The University of Toronto and RBC have partnered to launch the RBC Innovation Challenge, the latest joint initiative to bolster innovation and entrepreneurship efforts on campus and beyond.
The annual, university-wide competition is open to all U of T students and invites multi-disciplinary teams to focus on technology projects with the potential for global impact.
For its inaugural year, the theme is “Tech for a Greener Future” and asks students how technology and data can be used to help Canada reach its 2050 net-zero targets. The challenge, to be officially launched with an event on Oct. 11, will run until Jan. 26 and consists of three phases: “Discover,” which gives students an opportunity to get inspired, form teams and register them by the Nov. 13 deadline; “Develop,” when they will create an initial version of their product or service; and “Deliver,” when the teams will present to a panel of expert judges.

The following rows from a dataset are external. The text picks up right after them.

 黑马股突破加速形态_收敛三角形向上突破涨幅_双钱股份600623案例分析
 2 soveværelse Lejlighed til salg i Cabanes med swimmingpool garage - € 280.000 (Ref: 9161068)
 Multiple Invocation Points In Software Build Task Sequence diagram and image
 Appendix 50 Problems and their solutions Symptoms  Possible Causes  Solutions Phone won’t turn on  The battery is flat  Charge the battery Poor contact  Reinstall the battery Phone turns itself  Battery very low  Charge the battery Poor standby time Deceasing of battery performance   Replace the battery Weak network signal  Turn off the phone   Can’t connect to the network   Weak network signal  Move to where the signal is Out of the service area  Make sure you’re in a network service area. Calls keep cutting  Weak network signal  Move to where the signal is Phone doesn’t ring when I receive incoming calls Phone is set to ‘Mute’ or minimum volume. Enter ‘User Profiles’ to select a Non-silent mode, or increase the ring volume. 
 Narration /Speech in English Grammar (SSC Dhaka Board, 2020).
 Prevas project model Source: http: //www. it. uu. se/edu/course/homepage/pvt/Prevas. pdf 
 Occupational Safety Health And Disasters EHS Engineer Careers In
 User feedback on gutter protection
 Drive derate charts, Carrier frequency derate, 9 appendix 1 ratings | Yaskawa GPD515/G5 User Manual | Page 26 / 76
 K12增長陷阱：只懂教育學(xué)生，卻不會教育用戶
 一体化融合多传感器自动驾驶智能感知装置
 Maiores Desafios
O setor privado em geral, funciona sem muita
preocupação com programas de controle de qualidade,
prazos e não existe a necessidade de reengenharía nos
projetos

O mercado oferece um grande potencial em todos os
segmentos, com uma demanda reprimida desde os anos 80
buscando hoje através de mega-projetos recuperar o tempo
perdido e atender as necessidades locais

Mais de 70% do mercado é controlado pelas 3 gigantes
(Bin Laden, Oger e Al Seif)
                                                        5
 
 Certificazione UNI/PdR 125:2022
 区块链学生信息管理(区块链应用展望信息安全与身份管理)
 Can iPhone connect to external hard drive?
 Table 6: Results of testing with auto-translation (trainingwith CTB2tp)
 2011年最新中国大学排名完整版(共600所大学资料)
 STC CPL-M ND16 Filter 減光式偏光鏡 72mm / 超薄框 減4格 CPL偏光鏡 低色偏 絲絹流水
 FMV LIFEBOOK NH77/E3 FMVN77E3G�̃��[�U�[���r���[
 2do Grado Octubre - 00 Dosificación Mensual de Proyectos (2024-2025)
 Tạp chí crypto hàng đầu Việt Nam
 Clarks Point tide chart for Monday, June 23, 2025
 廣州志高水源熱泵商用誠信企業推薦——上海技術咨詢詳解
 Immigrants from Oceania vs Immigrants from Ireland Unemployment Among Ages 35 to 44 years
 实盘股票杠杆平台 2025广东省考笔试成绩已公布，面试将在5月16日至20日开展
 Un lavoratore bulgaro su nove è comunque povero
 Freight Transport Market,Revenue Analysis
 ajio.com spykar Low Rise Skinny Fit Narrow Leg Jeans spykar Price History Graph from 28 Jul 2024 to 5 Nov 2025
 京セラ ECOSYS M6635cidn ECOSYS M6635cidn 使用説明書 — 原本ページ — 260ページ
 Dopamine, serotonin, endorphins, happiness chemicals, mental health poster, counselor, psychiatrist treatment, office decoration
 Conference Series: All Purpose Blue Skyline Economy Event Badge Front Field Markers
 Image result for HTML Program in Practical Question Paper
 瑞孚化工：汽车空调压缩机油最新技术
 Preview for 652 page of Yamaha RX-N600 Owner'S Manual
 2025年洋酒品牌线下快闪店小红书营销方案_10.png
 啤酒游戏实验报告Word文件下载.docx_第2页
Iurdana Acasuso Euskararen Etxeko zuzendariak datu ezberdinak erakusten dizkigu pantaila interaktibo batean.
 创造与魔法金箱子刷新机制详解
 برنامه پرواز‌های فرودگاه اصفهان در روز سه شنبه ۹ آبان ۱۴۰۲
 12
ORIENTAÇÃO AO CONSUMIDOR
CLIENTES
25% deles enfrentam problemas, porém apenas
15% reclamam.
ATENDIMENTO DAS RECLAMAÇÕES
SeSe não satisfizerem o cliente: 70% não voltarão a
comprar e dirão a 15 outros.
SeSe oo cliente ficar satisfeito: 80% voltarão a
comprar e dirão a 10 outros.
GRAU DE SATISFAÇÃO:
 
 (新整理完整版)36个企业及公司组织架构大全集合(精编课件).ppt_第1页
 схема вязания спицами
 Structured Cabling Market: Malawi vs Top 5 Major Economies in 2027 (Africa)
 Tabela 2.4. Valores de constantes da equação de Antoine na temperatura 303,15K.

Writer Alyson Bruce recently sat down with Jon French, director, U of T Entrepreneurship (UTE), to learn more about the challenge and the opportunity it presents for student entrepreneurs.
How did the idea for the challenge come about?
We can start with the obvious – the science is clear. Human activity is having a devastating impact on our planet and many experts say the climate crisis is the single-most important threat facing our society. Plus, U of T has always been a leader when it comes to creating innovative solutions to global problems, going back to the discovery of insulin in 1921. This is just another opportunity to use our technology and expertise to help generate positive societal and economic impact.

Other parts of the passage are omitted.